◆ Your assignment:
With both ends included, repeat exactly the lines of the entries below from the one containing "Autumn Trees 2 Clock - Wallart-Direct UK" down to the one containing "KHOIRUMMAH Jubah Ummah", and no others.

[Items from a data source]
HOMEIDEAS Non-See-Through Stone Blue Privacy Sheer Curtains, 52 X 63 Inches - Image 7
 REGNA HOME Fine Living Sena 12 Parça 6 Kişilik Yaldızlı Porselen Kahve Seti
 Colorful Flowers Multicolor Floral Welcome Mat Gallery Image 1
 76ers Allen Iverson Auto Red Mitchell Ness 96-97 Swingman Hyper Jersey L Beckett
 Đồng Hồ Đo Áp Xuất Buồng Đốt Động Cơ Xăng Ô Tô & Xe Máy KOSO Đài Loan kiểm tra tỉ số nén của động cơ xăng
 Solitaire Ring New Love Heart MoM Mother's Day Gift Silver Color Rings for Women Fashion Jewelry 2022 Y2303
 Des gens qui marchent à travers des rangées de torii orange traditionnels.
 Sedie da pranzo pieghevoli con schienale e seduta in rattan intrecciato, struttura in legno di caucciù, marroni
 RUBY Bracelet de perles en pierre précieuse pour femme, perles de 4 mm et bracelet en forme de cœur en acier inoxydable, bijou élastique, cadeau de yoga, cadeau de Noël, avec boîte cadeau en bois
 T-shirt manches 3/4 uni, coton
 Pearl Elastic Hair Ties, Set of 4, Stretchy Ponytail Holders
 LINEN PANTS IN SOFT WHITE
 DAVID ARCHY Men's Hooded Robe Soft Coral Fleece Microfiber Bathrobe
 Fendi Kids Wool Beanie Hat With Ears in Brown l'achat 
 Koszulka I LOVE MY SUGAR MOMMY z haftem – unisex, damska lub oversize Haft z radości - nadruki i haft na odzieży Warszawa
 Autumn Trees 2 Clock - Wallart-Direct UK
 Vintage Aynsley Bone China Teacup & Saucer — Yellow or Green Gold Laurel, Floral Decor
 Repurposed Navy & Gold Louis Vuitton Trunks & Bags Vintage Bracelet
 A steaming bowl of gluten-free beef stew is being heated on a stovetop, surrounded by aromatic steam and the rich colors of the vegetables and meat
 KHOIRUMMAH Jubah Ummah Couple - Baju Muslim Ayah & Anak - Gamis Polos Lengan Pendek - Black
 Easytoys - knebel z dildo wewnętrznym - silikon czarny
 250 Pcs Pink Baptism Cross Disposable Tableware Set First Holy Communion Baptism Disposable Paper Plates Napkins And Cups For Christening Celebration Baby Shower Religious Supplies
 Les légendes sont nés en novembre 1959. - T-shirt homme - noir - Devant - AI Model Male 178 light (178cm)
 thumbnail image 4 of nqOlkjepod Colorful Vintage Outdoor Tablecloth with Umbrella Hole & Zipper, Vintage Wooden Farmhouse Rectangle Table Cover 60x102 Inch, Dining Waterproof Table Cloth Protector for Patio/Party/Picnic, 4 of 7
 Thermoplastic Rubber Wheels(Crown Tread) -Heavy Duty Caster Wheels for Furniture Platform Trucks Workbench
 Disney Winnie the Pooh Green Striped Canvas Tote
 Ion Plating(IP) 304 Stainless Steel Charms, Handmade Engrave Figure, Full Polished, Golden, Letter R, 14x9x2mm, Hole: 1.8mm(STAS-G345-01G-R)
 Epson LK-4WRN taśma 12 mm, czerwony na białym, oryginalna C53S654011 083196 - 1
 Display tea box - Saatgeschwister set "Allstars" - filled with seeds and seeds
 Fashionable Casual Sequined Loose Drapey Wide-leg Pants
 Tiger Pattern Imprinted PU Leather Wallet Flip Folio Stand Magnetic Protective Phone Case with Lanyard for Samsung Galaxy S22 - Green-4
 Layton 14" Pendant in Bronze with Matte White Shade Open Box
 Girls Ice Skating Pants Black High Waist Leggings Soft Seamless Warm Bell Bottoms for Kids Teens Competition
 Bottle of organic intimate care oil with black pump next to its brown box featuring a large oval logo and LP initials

◆ Solution for this exercise:
 Autumn Trees 2 Clock - Wallart-Direct UK
 Vintage Aynsley Bone China Teacup & Saucer — Yellow or Green Gold Laurel, Floral Decor
 Repurposed Navy & Gold Louis Vuitton Trunks & Bags Vintage Bracelet
 A steaming bowl of gluten-free beef stew is being heated on a stovetop, surrounded by aromatic steam and the rich colors of the vegetables and meat
 KHOIRUMMAH Jubah Ummah Couple - Baju Muslim Ayah & Anak - Gamis Polos Lengan Pendek - Black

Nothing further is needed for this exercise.